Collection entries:

*** Block opens ***

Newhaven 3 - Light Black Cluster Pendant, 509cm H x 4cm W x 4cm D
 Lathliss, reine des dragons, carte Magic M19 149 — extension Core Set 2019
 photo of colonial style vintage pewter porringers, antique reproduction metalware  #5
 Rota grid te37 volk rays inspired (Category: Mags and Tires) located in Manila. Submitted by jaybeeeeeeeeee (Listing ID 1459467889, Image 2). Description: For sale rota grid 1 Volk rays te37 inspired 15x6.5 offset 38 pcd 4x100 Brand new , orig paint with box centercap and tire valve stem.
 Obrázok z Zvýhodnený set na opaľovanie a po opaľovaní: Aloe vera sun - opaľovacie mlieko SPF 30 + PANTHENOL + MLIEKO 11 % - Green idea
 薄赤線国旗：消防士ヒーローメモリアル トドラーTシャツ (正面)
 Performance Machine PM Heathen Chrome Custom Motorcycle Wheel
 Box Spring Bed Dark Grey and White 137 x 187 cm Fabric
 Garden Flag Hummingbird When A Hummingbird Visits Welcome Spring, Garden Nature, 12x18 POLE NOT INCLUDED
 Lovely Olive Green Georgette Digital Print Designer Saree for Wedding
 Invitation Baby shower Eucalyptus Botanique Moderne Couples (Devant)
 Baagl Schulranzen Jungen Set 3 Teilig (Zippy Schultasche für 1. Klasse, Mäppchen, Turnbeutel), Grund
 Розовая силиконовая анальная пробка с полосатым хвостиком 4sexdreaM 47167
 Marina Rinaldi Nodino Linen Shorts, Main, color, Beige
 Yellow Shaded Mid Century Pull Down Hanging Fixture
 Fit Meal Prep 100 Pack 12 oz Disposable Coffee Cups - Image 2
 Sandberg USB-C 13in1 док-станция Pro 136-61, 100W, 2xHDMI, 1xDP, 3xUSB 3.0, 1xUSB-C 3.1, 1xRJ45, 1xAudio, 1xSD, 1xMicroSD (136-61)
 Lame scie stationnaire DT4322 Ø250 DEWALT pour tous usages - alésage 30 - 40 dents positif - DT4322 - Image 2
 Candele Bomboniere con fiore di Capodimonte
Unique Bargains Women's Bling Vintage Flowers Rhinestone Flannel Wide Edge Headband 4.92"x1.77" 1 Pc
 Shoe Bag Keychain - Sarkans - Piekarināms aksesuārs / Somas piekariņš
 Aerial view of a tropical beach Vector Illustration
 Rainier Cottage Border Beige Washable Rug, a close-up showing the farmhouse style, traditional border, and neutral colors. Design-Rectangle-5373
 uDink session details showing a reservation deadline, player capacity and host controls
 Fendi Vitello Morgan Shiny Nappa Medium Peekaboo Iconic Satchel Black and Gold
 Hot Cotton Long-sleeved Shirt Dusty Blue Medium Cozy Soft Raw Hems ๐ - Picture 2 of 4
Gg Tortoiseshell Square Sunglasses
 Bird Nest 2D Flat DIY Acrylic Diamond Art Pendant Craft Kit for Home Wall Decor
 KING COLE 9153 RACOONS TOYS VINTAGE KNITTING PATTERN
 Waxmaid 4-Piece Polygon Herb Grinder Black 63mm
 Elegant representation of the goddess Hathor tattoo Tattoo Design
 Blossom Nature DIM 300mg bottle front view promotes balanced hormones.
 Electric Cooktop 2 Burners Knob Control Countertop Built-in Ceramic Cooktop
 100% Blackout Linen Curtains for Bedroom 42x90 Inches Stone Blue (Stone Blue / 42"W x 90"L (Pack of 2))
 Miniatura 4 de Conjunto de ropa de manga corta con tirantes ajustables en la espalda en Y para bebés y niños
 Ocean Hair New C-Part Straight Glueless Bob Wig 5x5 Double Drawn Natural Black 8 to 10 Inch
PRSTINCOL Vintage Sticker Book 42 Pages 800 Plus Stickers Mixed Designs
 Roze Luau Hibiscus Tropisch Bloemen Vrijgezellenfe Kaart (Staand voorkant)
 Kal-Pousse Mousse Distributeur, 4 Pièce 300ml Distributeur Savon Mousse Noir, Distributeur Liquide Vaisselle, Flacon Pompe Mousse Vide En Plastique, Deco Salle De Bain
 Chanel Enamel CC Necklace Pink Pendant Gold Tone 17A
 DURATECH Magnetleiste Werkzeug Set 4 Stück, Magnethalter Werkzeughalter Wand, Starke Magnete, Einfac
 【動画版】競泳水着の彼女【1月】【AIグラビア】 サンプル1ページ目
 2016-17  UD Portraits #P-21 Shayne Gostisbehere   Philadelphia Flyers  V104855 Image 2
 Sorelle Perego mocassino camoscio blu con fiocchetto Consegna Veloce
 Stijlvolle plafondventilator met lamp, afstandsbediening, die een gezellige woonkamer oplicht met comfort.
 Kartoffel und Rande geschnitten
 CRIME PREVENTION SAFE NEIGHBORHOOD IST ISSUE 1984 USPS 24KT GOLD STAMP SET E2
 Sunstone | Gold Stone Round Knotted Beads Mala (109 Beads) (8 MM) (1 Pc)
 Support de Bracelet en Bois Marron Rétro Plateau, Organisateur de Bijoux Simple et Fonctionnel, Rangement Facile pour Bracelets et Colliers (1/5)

*** Block closes ***

### Problem
Wherever the line holding "Elegant representation of" falls in the entries above, copy exactly from it through the line holding "Sorelle Perego mocassino", inclusive, and add nothing.

### Exercise output
 Elegant representation of the goddess Hathor tattoo Tattoo Design
 Blossom Nature DIM 300mg bottle front view promotes balanced hormones.
 Electric Cooktop 2 Burners Knob Control Countertop Built-in Ceramic Cooktop
 100% Blackout Linen Curtains for Bedroom 42x90 Inches Stone Blue (Stone Blue / 42"W x 90"L (Pack of 2))
 Miniatura 4 de Conjunto de ropa de manga corta con tirantes ajustables en la espalda en Y para bebés y niños
 Ocean Hair New C-Part Straight Glueless Bob Wig 5x5 Double Drawn Natural Black 8 to 10 Inch
PRSTINCOL Vintage Sticker Book 42 Pages 800 Plus Stickers Mixed Designs
 Roze Luau Hibiscus Tropisch Bloemen Vrijgezellenfe Kaart (Staand voorkant)
 Kal-Pousse Mousse Distributeur, 4 Pièce 300ml Distributeur Savon Mousse Noir, Distributeur Liquide Vaisselle, Flacon Pompe Mousse Vide En Plastique, Deco Salle De Bain
 Chanel Enamel CC Necklace Pink Pendant Gold Tone 17A
 DURATECH Magnetleiste Werkzeug Set 4 Stück, Magnethalter Werkzeughalter Wand, Starke Magnete, Einfac
 【動画版】競泳水着の彼女【1月】【AIグラビア】 サンプル1ページ目
 2016-17  UD Portraits #P-21 Shayne Gostisbehere   Philadelphia Flyers  V104855 Image 2
 Sorelle Perego mocassino camoscio blu con fiocchetto Consegna Veloce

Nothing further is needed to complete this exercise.